All tables have those 4 columns as part of the spec (DB Naming convention - Round 2 - #8 by manassehkatz). Their purpose is audit related. My personal preference would be to make them not nullable for the member table rather than delete them entirely.

@misha130 One more suggestion: a dummy member could be created and the member foreign keys can initially be set to the dummy user, and then changed to the new user. If both SaveChanges() calls happen inside a transaction it should guarantee the correct member_id is set, but you’d need that dummy user created beforehand. I don’t think that would trigger the circular reference error.

If you don’t like that idea, I think you’ve identified a valid justification for allowing the created_by, and last_modified_by keys to be nullable, so I’d suggest to assume their NOT NULL status has been removed on the member table. I’ll set that in pgModeler and announce it in the next round and see if there’s any disagreement. The keys could still be set in a second SaveChanges call within a transaction so any error on setting the keys would roll back the entire creation attempt.

Ok I honestly have a circularity problem with the TrustLevel right now.

Member:
Needs on created by/modified by - no problem, that is set to itself.
Also needs to have a trust level because every member has a trust level when its created.

Trust level:
Needs to created by/modified by members.

So thats the circularity I am now facing. I posted the code for all of this on discord if you want to take a look.

So maybe make TrustLevel on member nullabe? Or maybe some of these tables shouldn’t have these columns?

Yup, I was actually going to say something about that, but figured the TL foreign key would just cause the same result as the member foreign key. So either Member ↔ TrustLevel foreign key cannot be NOT NULL, or maybe TrustLevel could be set up as an enum/type which would remove the created_by, last_updated_by references. Fortunately this is the only (non-member) foreign key in the member table.

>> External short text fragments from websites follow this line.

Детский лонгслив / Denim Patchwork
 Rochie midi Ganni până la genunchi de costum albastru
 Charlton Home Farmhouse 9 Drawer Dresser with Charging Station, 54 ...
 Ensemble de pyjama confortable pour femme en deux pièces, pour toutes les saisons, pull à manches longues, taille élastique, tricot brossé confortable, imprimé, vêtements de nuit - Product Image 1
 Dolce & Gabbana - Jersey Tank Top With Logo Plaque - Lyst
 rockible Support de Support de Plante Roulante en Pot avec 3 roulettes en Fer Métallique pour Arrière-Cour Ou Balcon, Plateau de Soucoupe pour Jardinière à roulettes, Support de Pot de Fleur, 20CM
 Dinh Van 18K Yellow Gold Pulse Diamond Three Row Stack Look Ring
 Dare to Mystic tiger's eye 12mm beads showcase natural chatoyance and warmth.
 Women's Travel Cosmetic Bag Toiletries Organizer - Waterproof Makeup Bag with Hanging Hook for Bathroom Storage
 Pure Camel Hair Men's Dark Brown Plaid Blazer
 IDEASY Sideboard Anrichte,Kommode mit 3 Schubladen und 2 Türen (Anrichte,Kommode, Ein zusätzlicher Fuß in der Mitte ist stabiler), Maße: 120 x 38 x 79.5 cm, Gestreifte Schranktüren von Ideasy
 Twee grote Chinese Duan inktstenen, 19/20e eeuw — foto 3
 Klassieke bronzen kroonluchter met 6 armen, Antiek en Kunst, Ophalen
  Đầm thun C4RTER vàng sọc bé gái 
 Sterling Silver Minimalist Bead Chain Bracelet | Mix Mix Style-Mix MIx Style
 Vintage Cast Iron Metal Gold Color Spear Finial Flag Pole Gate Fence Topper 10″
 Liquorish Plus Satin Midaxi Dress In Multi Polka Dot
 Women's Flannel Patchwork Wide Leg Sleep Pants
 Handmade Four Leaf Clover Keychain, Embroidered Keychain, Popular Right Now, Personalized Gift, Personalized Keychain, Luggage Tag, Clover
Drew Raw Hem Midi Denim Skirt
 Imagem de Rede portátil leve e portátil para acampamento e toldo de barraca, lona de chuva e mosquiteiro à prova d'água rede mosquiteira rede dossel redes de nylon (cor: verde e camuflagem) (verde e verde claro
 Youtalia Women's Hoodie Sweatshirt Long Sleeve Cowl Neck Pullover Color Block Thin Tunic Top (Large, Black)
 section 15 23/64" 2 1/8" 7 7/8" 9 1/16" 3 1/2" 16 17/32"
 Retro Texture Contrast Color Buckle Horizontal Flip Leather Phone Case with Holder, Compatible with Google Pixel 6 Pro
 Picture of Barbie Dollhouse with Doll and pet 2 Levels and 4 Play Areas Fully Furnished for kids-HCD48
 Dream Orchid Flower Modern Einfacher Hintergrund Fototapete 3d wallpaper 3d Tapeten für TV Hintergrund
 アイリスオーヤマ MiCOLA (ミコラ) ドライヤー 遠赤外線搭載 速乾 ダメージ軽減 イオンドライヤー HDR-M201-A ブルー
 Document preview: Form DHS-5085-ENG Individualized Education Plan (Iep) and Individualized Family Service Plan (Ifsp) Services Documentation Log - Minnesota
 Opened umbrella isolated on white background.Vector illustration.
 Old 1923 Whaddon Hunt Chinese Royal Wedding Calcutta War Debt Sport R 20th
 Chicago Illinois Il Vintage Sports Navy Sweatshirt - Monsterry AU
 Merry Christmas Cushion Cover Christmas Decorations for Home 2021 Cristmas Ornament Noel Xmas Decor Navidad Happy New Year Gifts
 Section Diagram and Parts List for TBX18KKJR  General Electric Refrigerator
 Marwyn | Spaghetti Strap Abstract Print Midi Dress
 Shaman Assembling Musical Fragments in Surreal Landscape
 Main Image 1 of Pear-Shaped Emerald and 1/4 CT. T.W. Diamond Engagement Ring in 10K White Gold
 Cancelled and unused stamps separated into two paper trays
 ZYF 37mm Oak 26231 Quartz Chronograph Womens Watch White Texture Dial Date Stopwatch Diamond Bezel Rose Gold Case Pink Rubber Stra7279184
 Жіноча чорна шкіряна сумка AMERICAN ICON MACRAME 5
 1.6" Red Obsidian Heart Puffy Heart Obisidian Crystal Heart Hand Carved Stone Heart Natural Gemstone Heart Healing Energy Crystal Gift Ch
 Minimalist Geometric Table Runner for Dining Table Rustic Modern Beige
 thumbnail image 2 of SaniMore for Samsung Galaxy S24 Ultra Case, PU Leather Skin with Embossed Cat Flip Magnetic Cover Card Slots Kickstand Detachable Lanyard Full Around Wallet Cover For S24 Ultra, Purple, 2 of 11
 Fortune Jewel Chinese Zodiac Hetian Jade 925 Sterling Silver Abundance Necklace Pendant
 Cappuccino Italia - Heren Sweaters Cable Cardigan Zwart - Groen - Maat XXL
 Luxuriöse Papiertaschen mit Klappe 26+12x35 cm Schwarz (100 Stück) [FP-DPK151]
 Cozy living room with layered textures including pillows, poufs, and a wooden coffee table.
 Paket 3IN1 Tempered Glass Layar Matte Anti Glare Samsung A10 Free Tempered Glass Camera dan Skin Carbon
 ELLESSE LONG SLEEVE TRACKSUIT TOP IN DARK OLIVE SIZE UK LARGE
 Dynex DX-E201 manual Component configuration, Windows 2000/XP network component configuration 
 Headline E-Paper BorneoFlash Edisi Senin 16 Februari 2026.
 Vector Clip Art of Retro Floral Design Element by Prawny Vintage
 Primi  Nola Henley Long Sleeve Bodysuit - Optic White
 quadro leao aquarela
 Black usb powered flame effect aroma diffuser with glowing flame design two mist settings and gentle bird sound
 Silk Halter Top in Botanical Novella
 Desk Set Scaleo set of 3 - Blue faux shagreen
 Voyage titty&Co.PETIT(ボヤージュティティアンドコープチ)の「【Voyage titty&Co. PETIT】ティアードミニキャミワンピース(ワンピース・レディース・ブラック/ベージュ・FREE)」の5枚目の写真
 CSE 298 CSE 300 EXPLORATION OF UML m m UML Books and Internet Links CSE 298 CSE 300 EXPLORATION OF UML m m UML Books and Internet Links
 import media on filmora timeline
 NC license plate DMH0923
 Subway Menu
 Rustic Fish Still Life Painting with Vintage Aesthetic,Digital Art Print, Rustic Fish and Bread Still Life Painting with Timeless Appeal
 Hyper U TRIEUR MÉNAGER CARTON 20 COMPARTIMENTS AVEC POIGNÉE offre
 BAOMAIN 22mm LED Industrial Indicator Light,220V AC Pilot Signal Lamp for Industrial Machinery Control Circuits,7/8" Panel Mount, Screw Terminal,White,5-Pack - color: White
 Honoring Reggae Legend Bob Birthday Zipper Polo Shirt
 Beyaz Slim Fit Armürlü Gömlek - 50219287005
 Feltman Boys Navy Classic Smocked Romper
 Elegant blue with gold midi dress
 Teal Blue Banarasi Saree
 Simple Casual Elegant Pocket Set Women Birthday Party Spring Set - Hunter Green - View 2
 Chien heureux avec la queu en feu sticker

I’m still a bit curious if adding the member as the created_by_member works, but I wouldn’t waste time on it.

It seems a strategy will need to be created to perform a full install. A system member will need to create default data in TrustLevel and possibly any other lookup type tables as part of the install - also enums. (I’m getting more and more convinced we need at least one non-human member)

So assume trust_level_id is a nullable FK for the member table and I’ll make it like that for the next schema proposal and ask if that alternative is preferred over making trust_level an enum.

Well sadly the following doesn’t work too:

    communityMember = new Member
     {
      DisplayName = "Codidact Community",
      Bio = "The codidact community manifested",
     };
     communityMember.CreatedByMember = communityMember;
     communityMember.LastModifiedByMember = communityMember;

     context.Members.Add(communityMember);
     context.SaveChanges();

It wouldn’t work if you wrote pure SQL too and EF isn’t some voodoo magic.
So I am going to let the createdMemberById/lastmodifiedbyMemberId be null

1 Like

Agreed; it’s smoke and mirrors. I guessed/hoped there was some temp creation going on in the background to satisfy constraints

Yup, works for me. As I said, I’ll set that in pgModeler, announce it in the next round and see if there’s any disagreement. The keys could still be set in a second SaveChanges call within a transaction so any error on setting the keys would roll back the entire creation attempt.